Pilotengewerkschaft warnt vor vorschnellen Bewertungen

Die Pilotengewerkschaft Vereinigung Cockpit (VC) warnt vor vorschnellen Bewertungen. Aus Sicht der VC lasse der bisher vorgelegte Bericht jedoch keinen eindeutigen Schluss auf eine absichtliche Handlung zu.

Wichtige technische und systemische Aspekte seien nach wie vor ungeklärt. Seriöse Rückschlüsse zur Unfallursache seien zum jetzigen Zeitpunkt nicht möglich.

Ein Beispiel für offenen Klärungsbedarf sei: Die verunglückte Maschine war mit einem Schalter zur Kontrolle der Treibstoffzufuhr („Fuel Control Switch“) ausgestattet, bei dem unter Umständen die Arretierungsfunktion, das sogenannte „Locking Feature“, nicht intakt gewesen sein könnte.

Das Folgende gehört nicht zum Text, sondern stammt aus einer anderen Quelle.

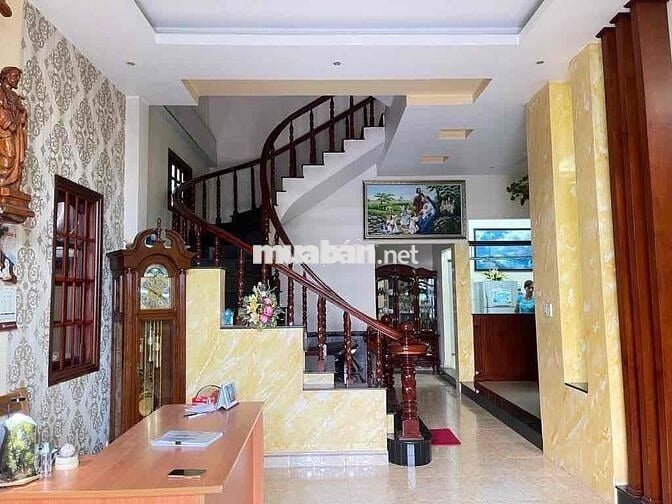 BIỆT THỰ ngay Metro ngang LỚN 8.8M 175M2 MẶT TIỀN khu Vip Bình Thọ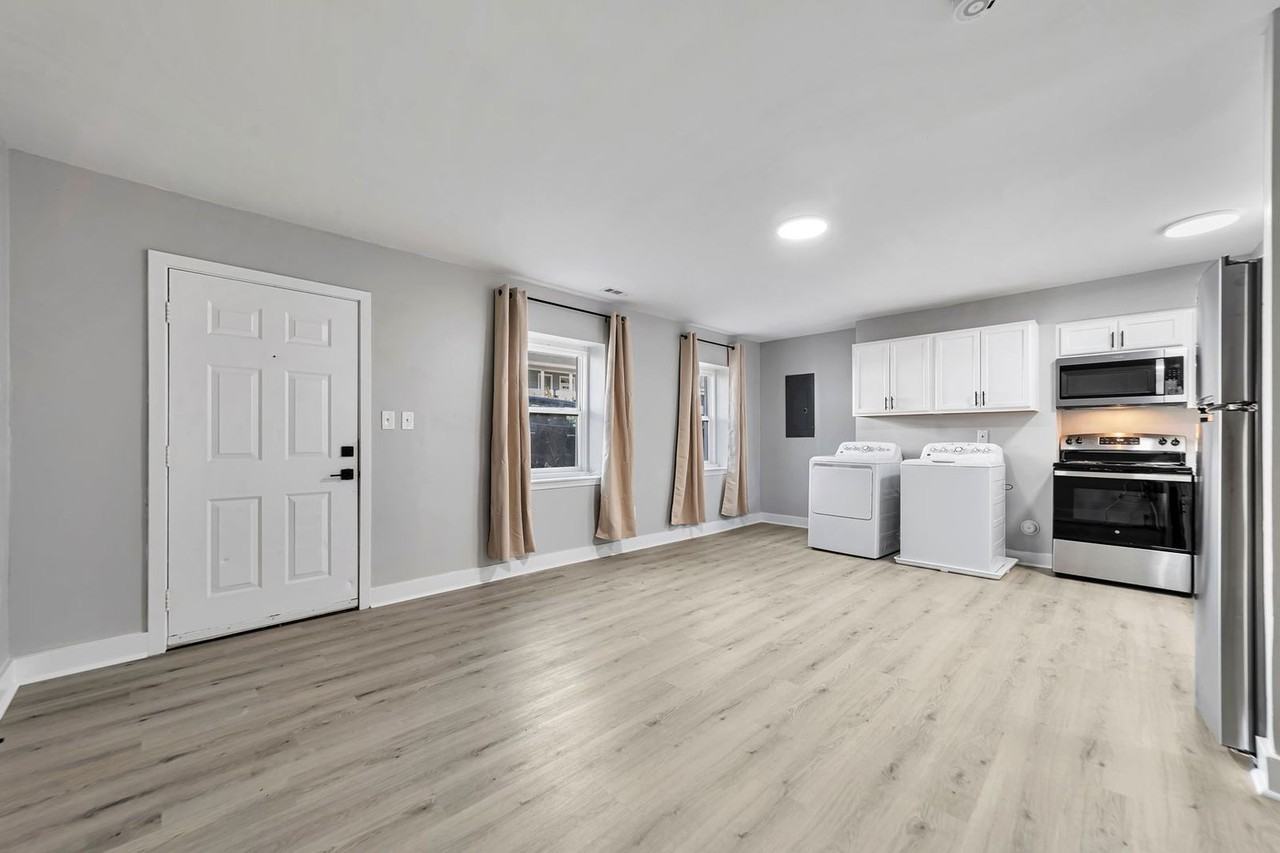 616 N 21st St - Photo 5 of 16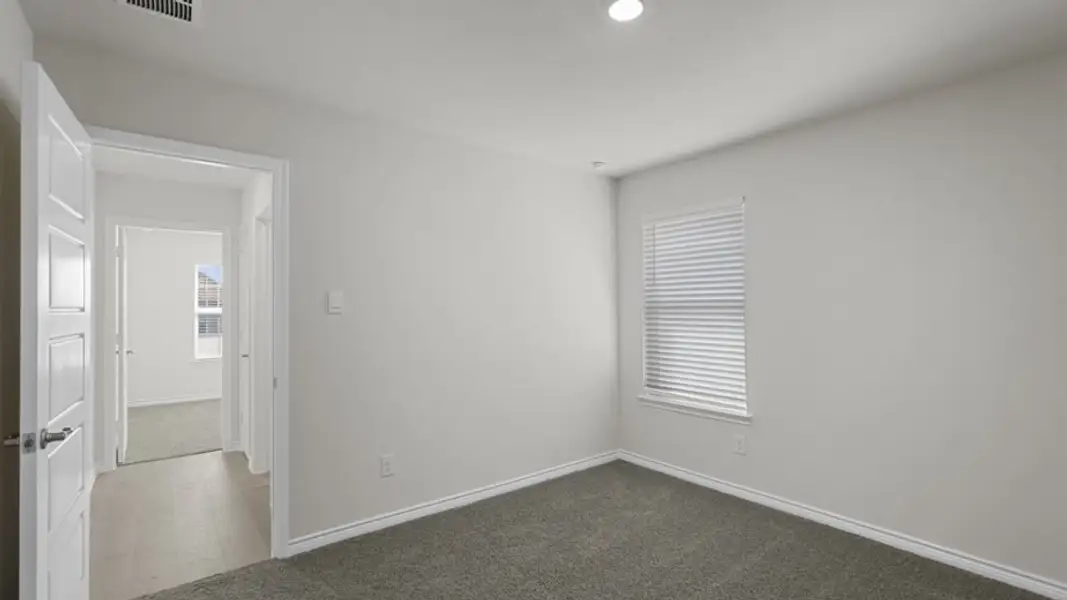 Spacious, unfurnished interior of a new home in Elevon, Lavon (Image 29).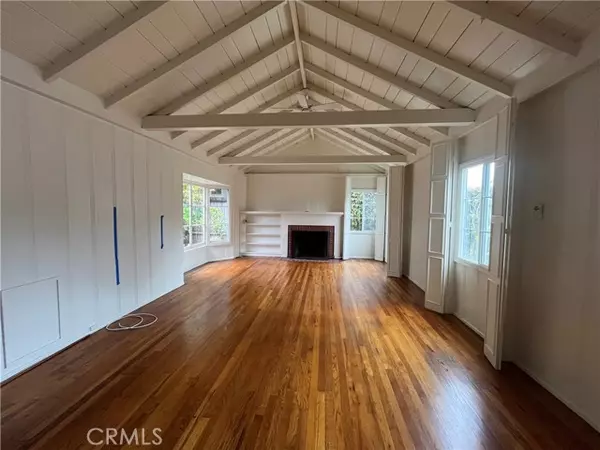 Laguna Beach, CA 92651,634 Glenneyre Street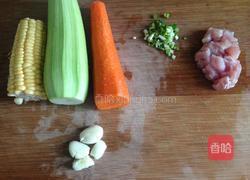 西葫芦胡萝卜玉米炒肉丁的做法图解1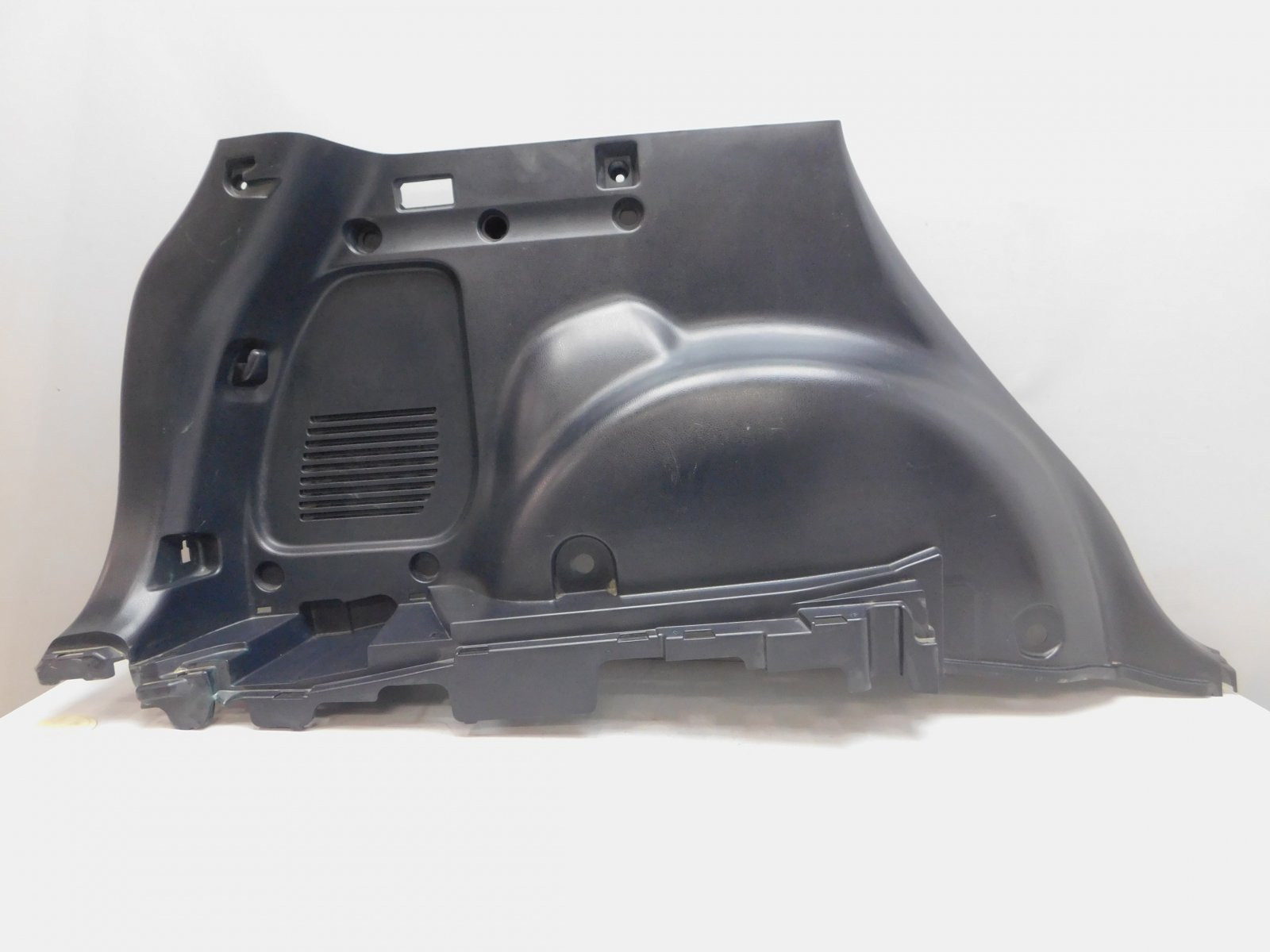 Обшивка багажника Toyota RAV 4 2013-2019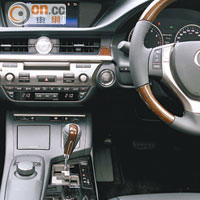 車廂氣派流露，全新的Lexus Display Audio Controller就在波棍旁，方便就手。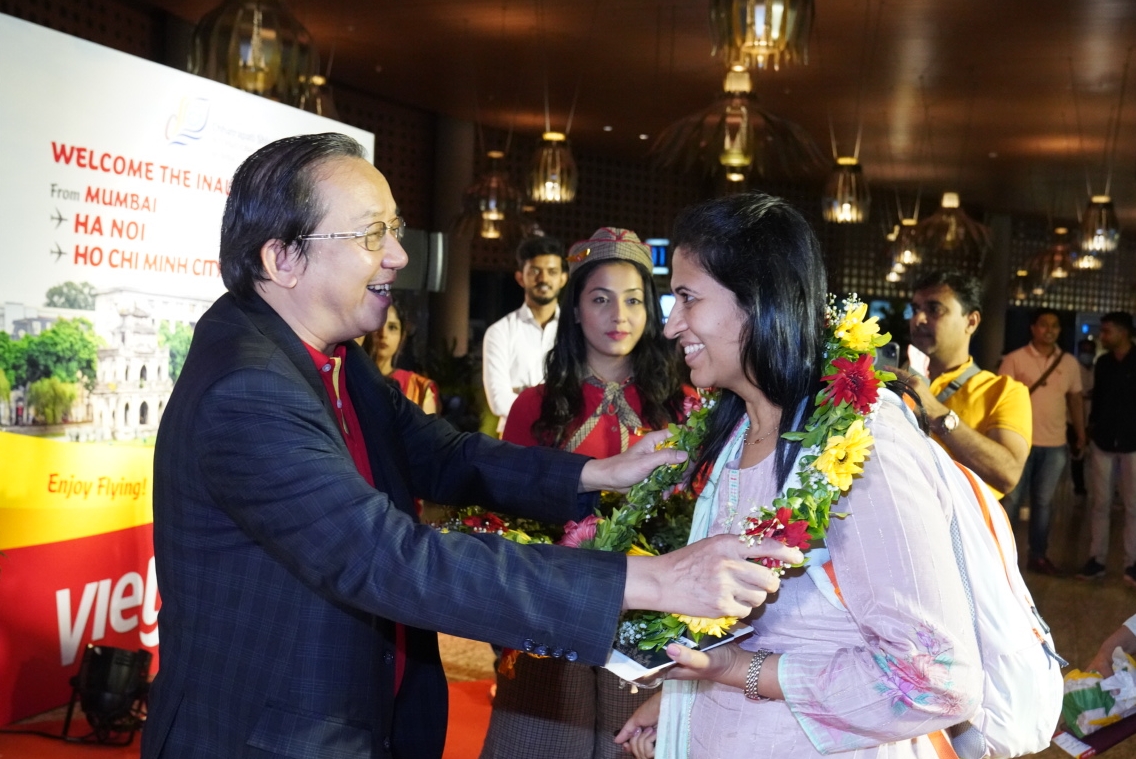 H&agrave;nh kh&aacute;ch tr&ecirc;n chuyến bay được ch&agrave;o đ&oacute;n tại s&acirc;n bay quốc tế Chhatrapati Shivaji Maharaj. Mumbai, Ấn Độ.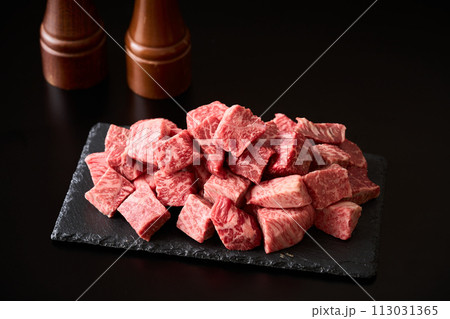 角切りにした牛もも肉　宮崎県産黒毛和牛 113031365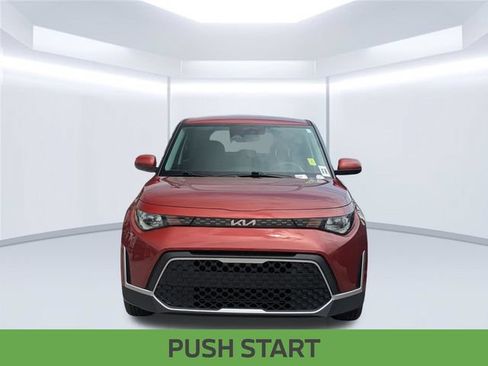 Used 2025 Kia Soul LX FWD image 11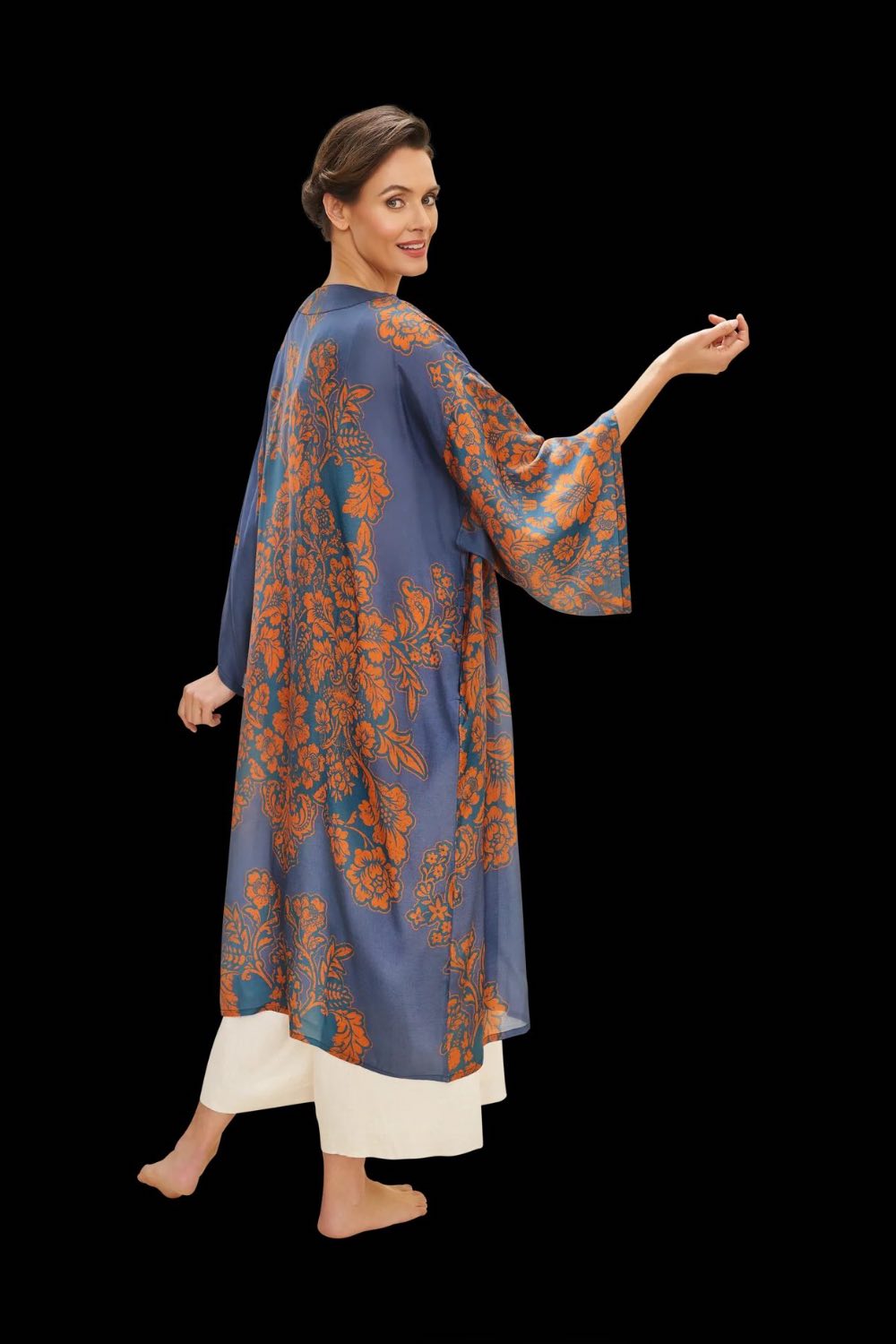 Powder_Painted_Denim_TapestryKimono_PKG57_djv-boutique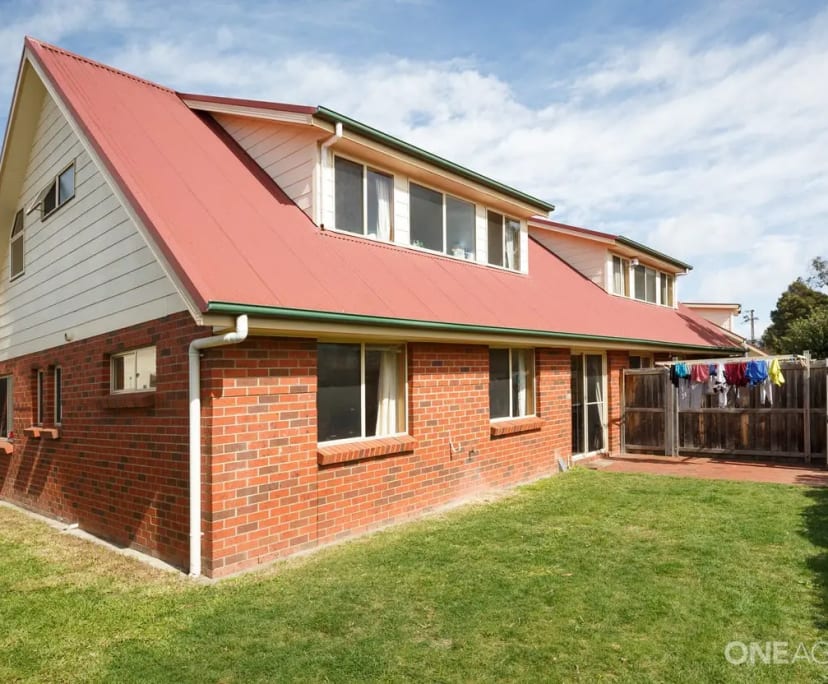 Room for Rent in Mowbray, TAS 199, Furnished, Sha...
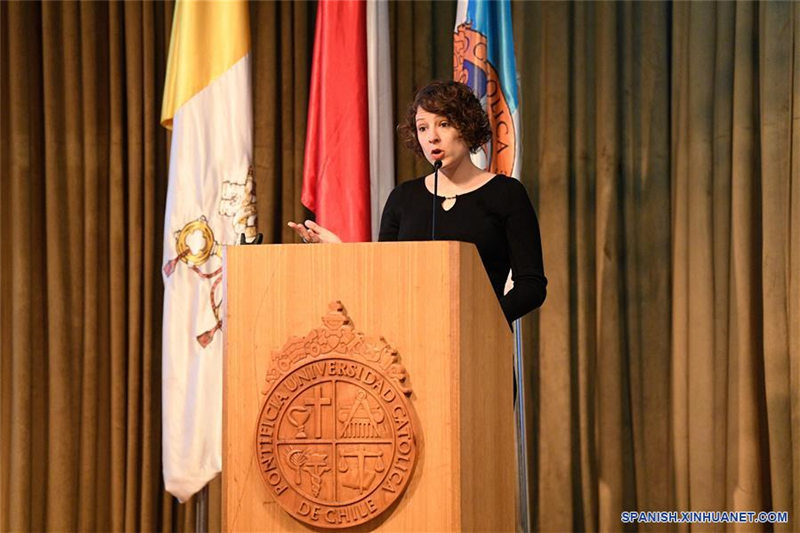 La investigadora del Centro de Estudios Asiáticos de la Universidad Católica de Chile y académica de esa institución, Nicole Jenne, habla durante el seminario "China y America Latina: una mirada actual", en la Casa Central de la Universidad Católica de Chile, en la ciudad de Santiago, capital de Chile, el 10 de septiembre de 2019. El seminario buscó generar una reflexión para abordar las relaciones entre América Latina y China en los ángulos políticos, económicos y de seguridad, de acuerdo con los organizadores. (Xinhua/Jorge Villegas)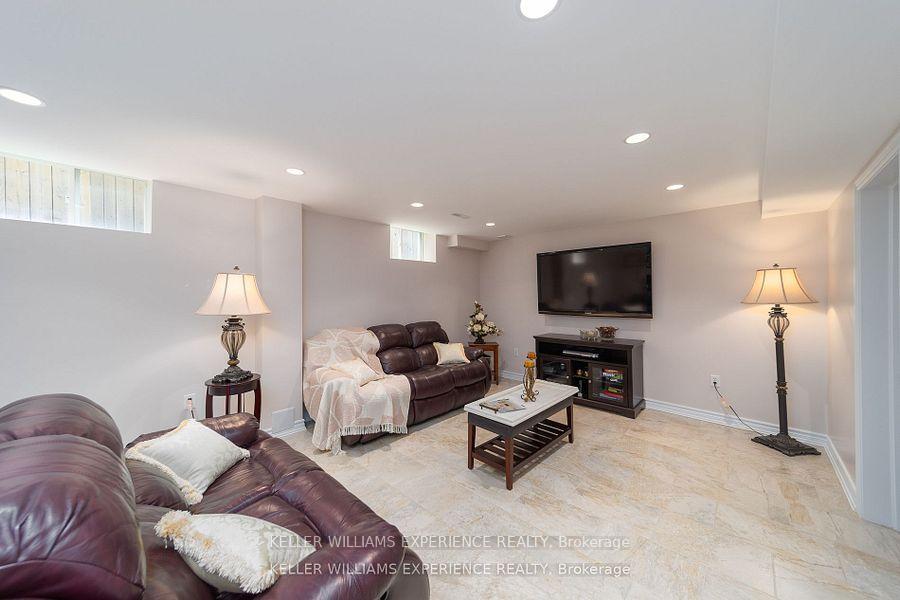 Photo 23 of 124 The Queensway, Barrie, Innis-Shore — HOMEH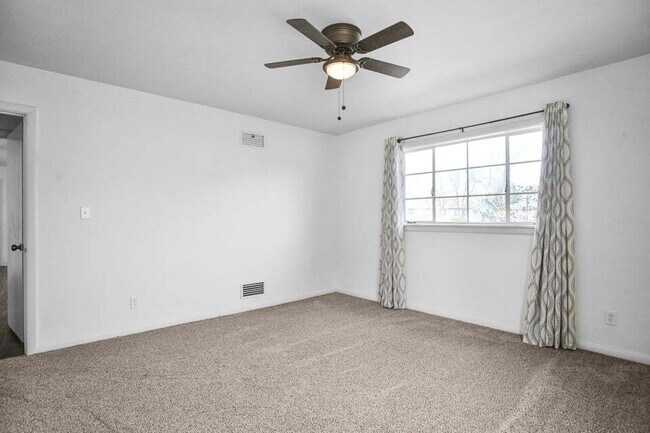 Building Photo - 3/1/1 close to medical and Texas Tech. Neutral colors.. Updated bath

Dies könne unbeabsichtigte Betätigungen begünstigen.

Trotz bekannter Sicherheitsbedenken sei dieses Bauteil bei Air India weder überprüft noch durch eine verbesserte Version ersetzt worden, so die Gewerkschaft.

„Die Aufgabe der Flugunfalluntersuchung ist es, unabhängig sämtliche Faktoren eines Unfalls zu beleuchten – technischer, organisatorischer und menschlicher Art“, sagte VC-Vorständin Vivianne Rehaag. „Diesen Prozess gilt es abzuwarten und zu respektieren. Vorverurteilungen helfen der Sicherheit nicht – im Gegenteil.“

Deutsche Luftfahrtexperte vermutet „Suizid“

Der deutsche Luftfahrtexperte Heinrich Großbongardt sagte dem „Spiegel“, alles deute darauf hin, „dass es ein Suizid war“. Großbongardt zeigte sich überzeugt, „dass einer der beiden Piloten dieser Maschine bewusst die Treibstoffzufuhr unterbrochen hat – und das genau in dem Moment, in dem das Flugzeug am verwundbarsten war, unmittelbar nach dem Abheben“.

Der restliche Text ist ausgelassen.